Er führt aus: Unabhängig davon, dass die Beantragung der Investitionsförderung für den einzelnen Betrieb sinnvoll sein kann und auch einzelbetrieblich geprüft werden sollte, zeigt die Tatsache von erst 100 Anträgen zur Investitionsförderung, dass die Zugangsvoraussetzungen sehr hoch sind und die Genehmigungshürden nach wie vor den Umbau auf den meisten Betrieben verhindern. Zudem reden wir hier über Förderanträge, von denen nicht klar ist, ob sie auch genehmigt werden.

Staack geht auch auf die Förderung der laufenden Kosten durch den Bund ein: Hier bekommt das Ganze ein noch bittereres Geschmäckle.
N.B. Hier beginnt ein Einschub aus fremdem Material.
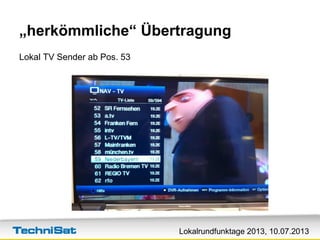 Lokalrundfunktage 2013, 10.07.2013
„herkömmliche“ Übertragung
Lokal TV Sender ab Pos. 53
 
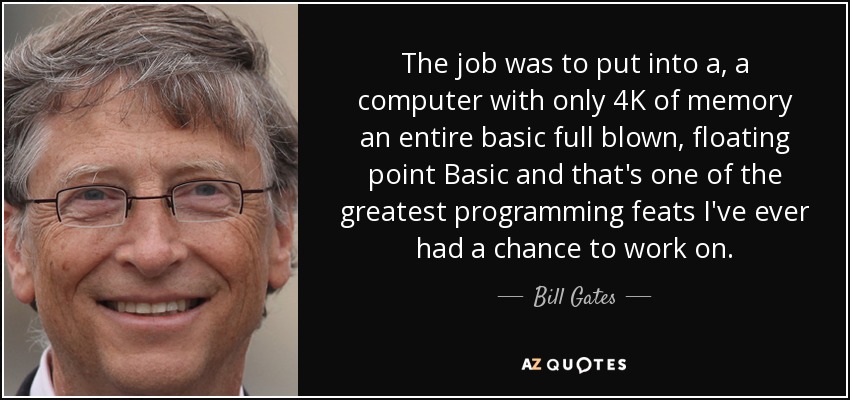 The job was to put into a, a computer with only 4K of memory an entire basic full blown, floating point Basic and that's one of the greatest programming feats I've ever had a chance to work on. - Bill Gates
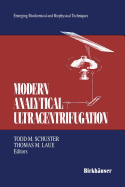 Modern Analytical Ultracentrifugation: Acquisition and Interpretation of Data for Biological and Synthetic Polymer Systems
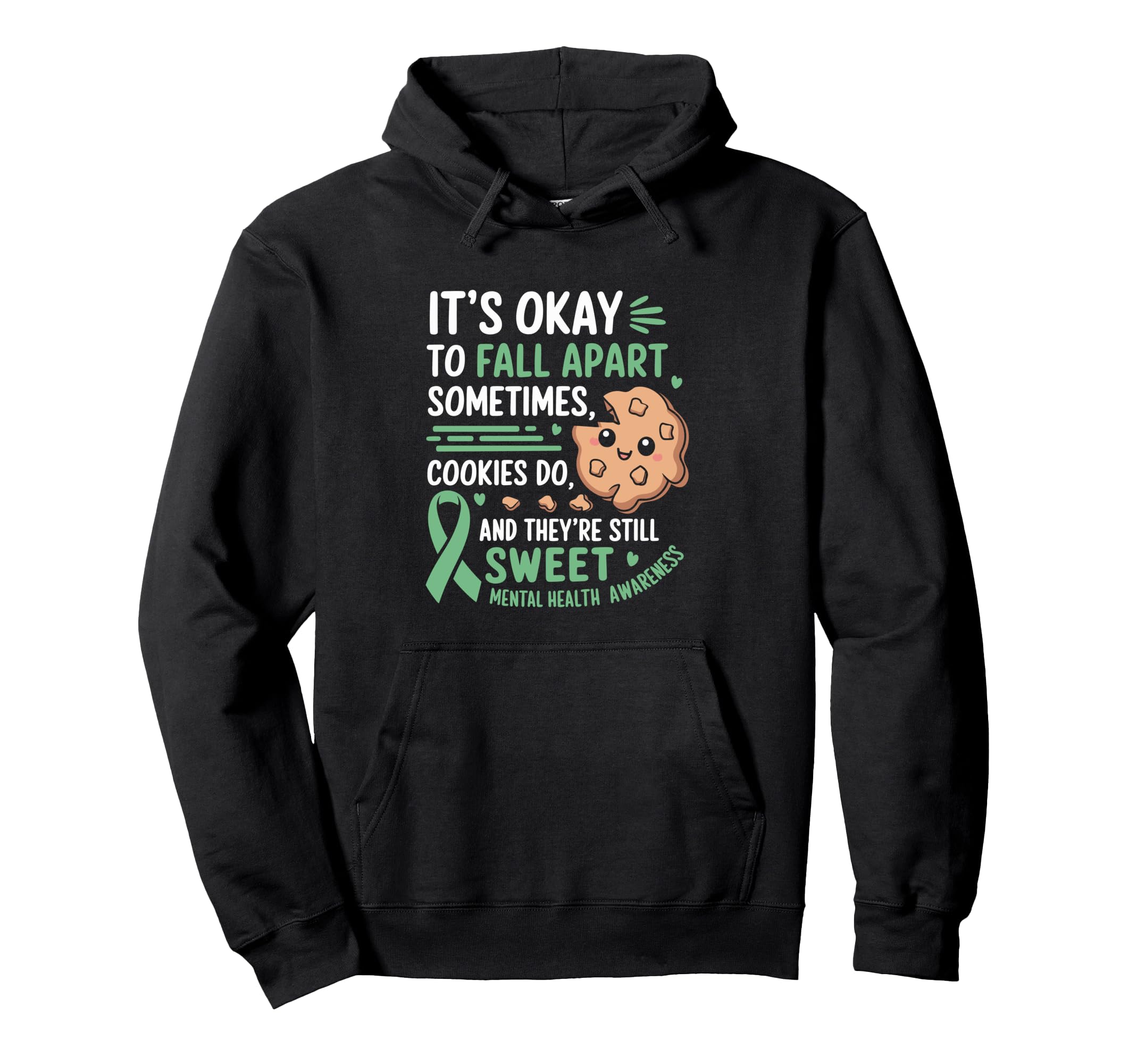 Funny Cookie Mental Health Awareness Hoodie - Custom Art Print Unisex - T-Shirt, Sweatshirt, Hoodie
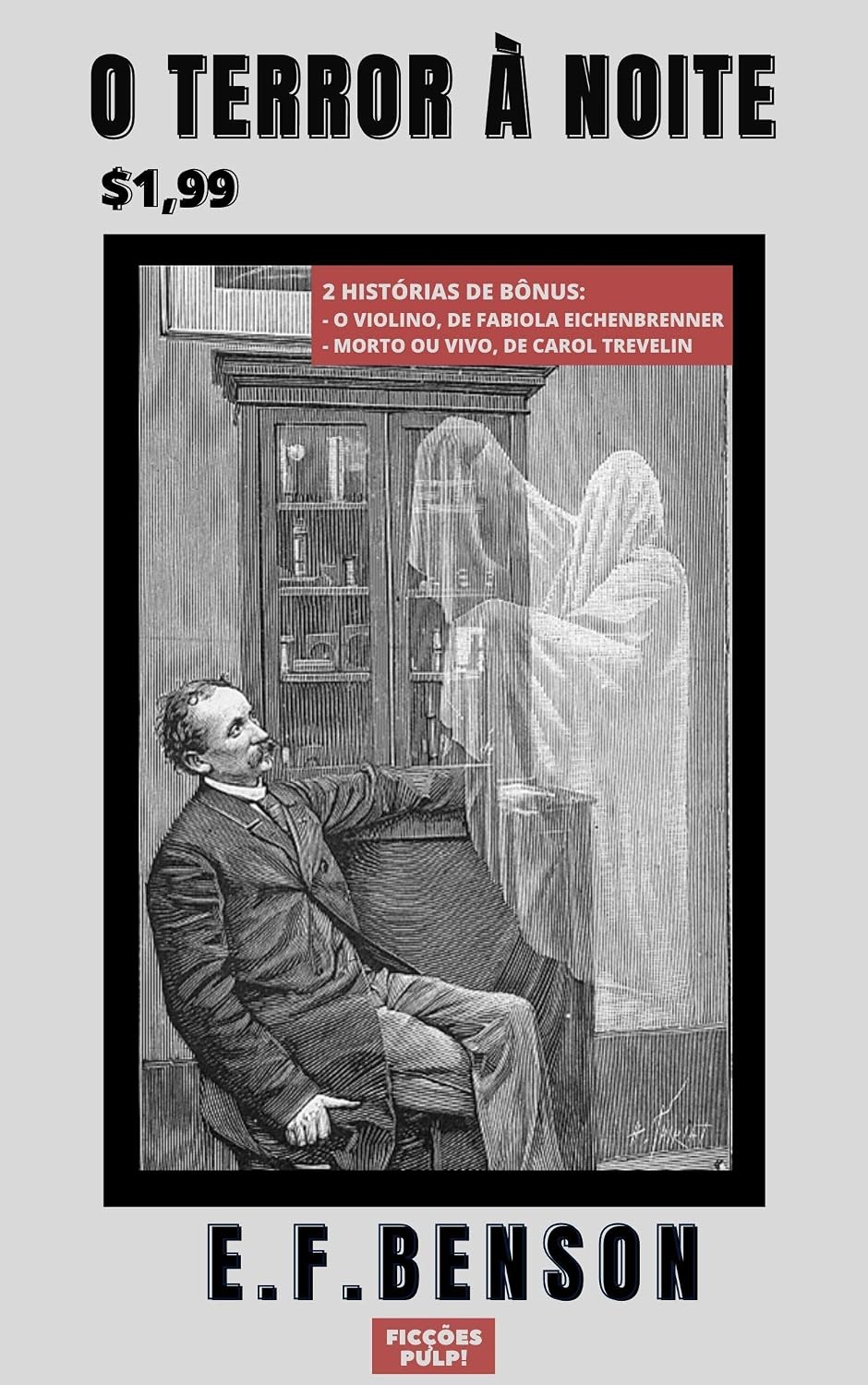 capítulo por capítulo baixar O Terror à Noite | O Violino | Morto ou Vivo | Clássicos & Contemporâneos n°1 | Ficções Pulp!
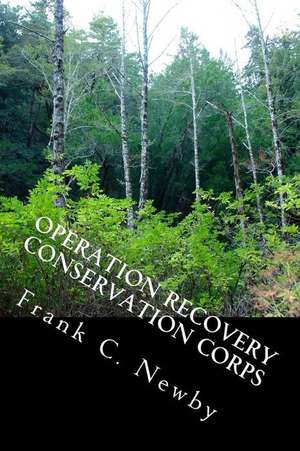 Operation Recovery Conservation Corps de MR Frank C. Newby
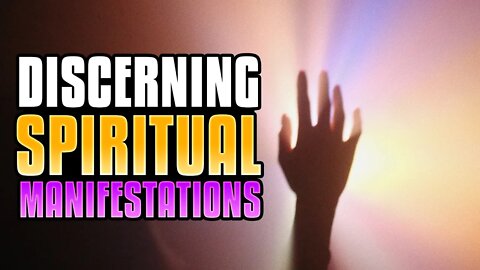 Discerning Spiritual Manifestations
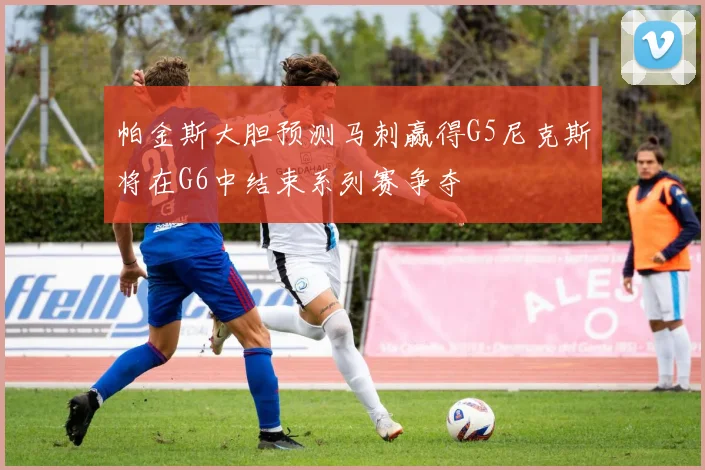 帕金斯大胆预测马刺赢得G5尼克斯将在G6中结束系列赛争夺
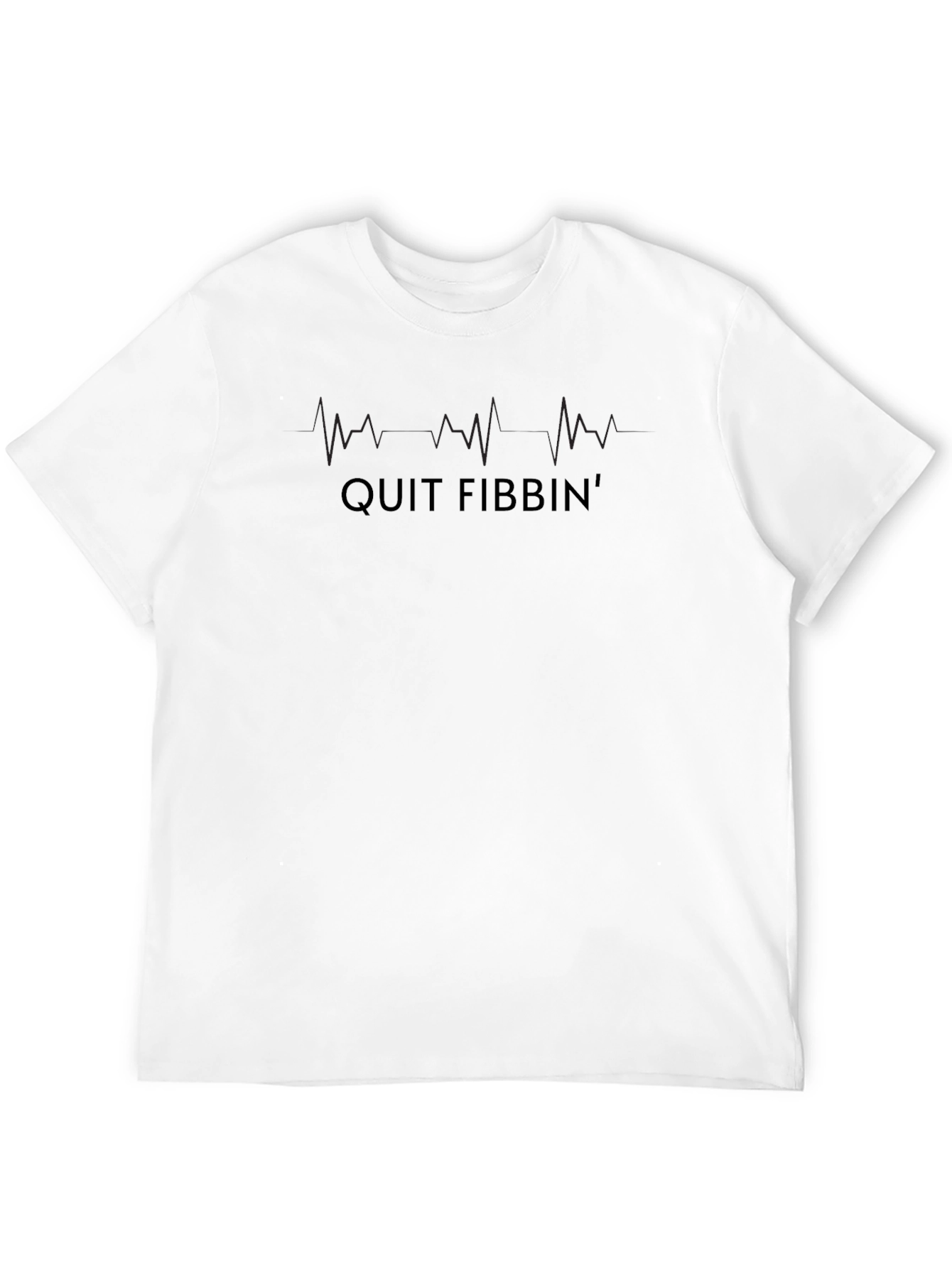 Quit Fibbin T-Shirt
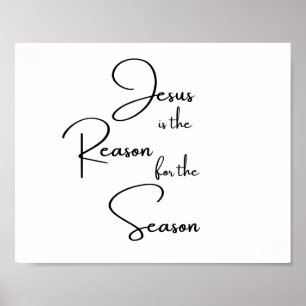 Jesus is the Reason for the Season Poster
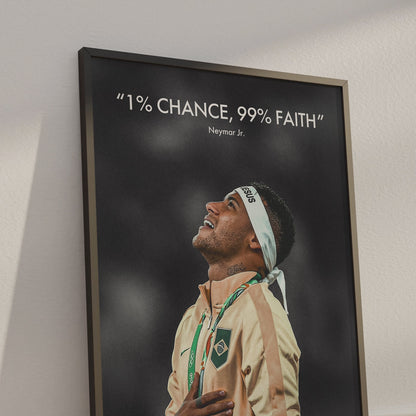 Neymar Jr 'Chance/Faith' Poster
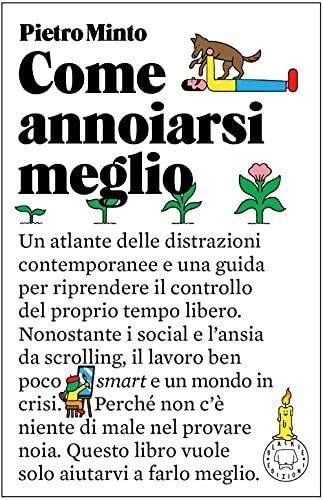 Come annoiarsi meglio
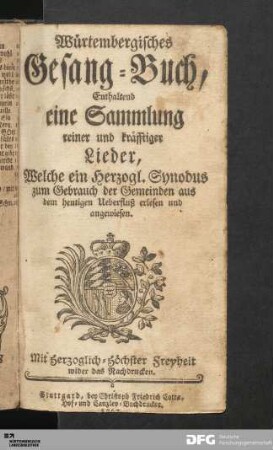 Würtembergisches Gesang-Buch : Enthaltend eine Sammlung reiner und kräfftiger Lieder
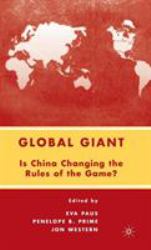 Global Giant : Is China Changing the Rules of the Game?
Diese Förderung ist aus unserer Sicht ganz klar eine Klientelförderung für die alternativ wirtschaftenden Betriebe. Konventionelle Betriebe sind hier nur zu einem sehr geringen Anteil aufgehoben, weil die Kriterien nur schwer erreichbar und auf die ohnehin alternativen wirtschaftenden (Bio-)Betriebe zugeschnitten sind, die diese Förderung dankend mitnehmen. Konventionelle Betriebe haben dagegen große Schwierigkeiten, die notwendige Umbaugenehmigung zu bekommen.

Zusammenfassend lässt sich festhalten, dass die hoch gesteckten Ziele der Politik zum Umbau der Tierhaltung so nur verfehlt werden können. Auf der einen Seite geht man mit der Bundesförderung einen ganz kleinen Schritt nach vorne, auf der anderen Seite geht man gleich mehrere Schritte zurück und legt den Schweinehaltern immer mehr Steine auf den ohnehin steinigen Weg. Nicht umsonst schreibt der Bundesrat in seinen Empfehlungen zur Novelle des Tierschutzgesetzes: Die immer weiter hochgeschraubten Anforderungen und geradezu explodierende Bürokratie überfordert die Betriebe längst. Da hilft es auch nicht, wenn der Bundeslandwirtschaftsminister Cem Özdemir in seine Pressemeldung durch warme Worte Schönwetter macht, aber auf der anderen Seite entgegengesetzt handelt.